U.S. Secretary of State Condoleezza Rice said history will remember President George W. Bush's foreign policy favorably despite current troubles in Iraq, Iran, North Korea and the Middle East.

"History's judgment is rarely the same as today's headlines," she said Friday in an interview with The Associated Press.

Rice said she believed the world was more dangerous before Bush took office in January 2001 than it is now.

"Six years ago ... it wasn't a very nice world. Al-Qaida was preparing to attack the twin towers, Pakistan was allied with the Taliban, Afghanistan was the base from where al-Qaida was going to operate, the Israelis and Palestinians had given up," she said.

"The Palestinians had walked away from a chance for a Palestinian state, launched the second intifada; (Israel) elected Ariel Sharon who basically said there will never be a Palestinian state and there will be a greater Israel; the North Koreans were cheating on a deal that they had just signed; China and others were indifferent; Iran was cheating on the IAEA out of sight and Saddam Hussein was shooting at our pilots in the no-fly zone and making a mockery of the oil-for-food program and corruption was running rampant in that program."

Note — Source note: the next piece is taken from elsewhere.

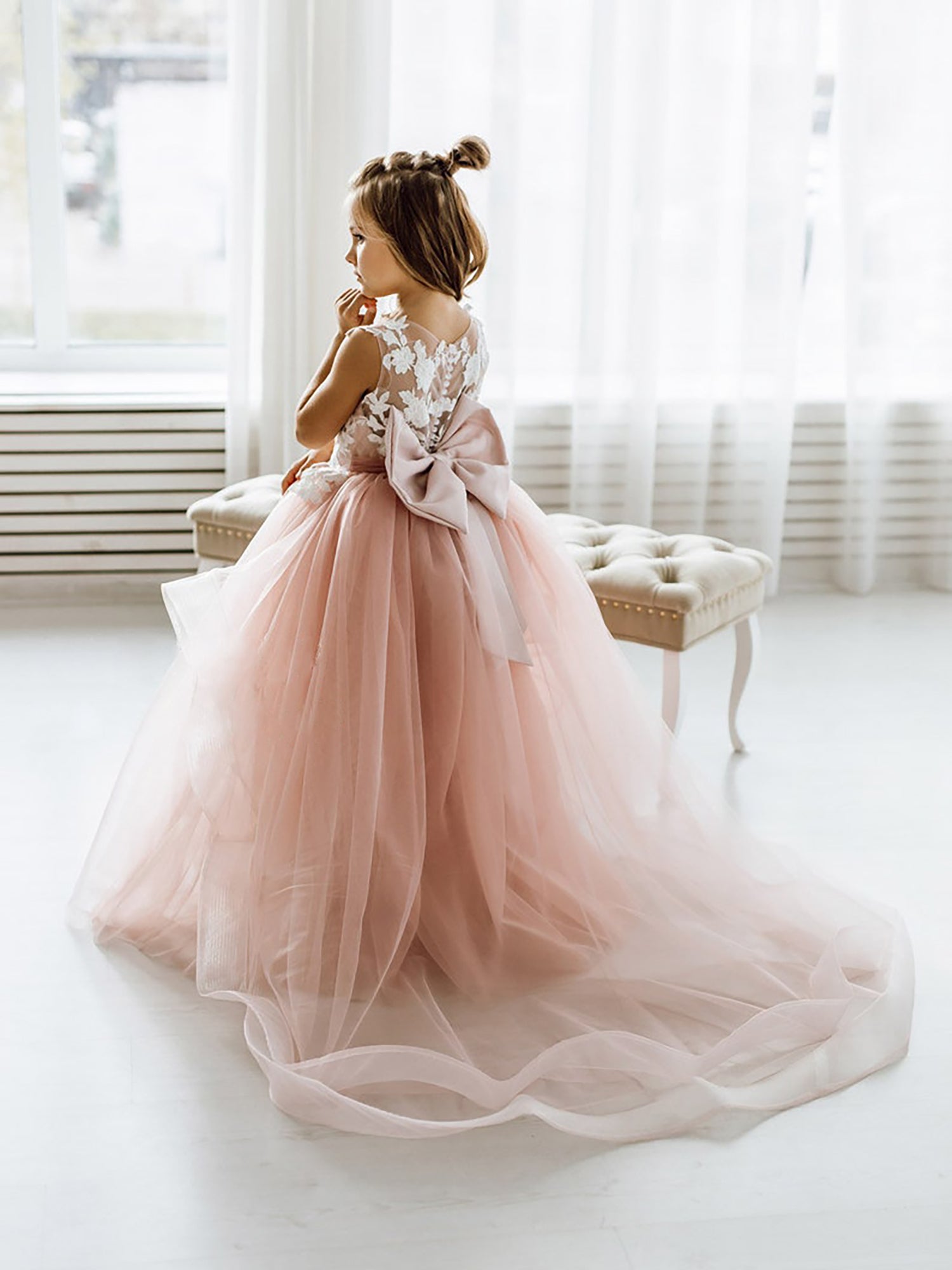 Cute Dusty Rose Puffy Lace Appliqued Sleeveless Flower Girl Dresses - Fashionpara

"That was the world. A worse world? I think so."

"I think that what this president has done is ... to set up the long struggle that we are going to have to resolve particularly the problem of the growth of extremism in the Middle East, which was clearly there underneath the surface and exploded on Sept. 11."

Asked how long it would take for the Bush administration's initiatives to succeed, Rice counseled patience.

"I think there is a lot of progress," she said. "Now, will we see the end of all this? Maybe not. But when you are confronted with a fundamentally changed strategic set of circumstances, you can try to put Band-Aids on it, or you can say we are going to have to deal with the root problems here and it may take a long time."

"It may take successive administrations to succeed. But we know what you have to put in place so that successive administrations can succeed. And you don't get there by covering up the problems or trying to find a temporary solution to them that isn't worth the paper it's written on."

"I think that you will see that we are now at the beginning of a historic transformation and some of them may still work out on our watch and some of them may not," she said of today's problems.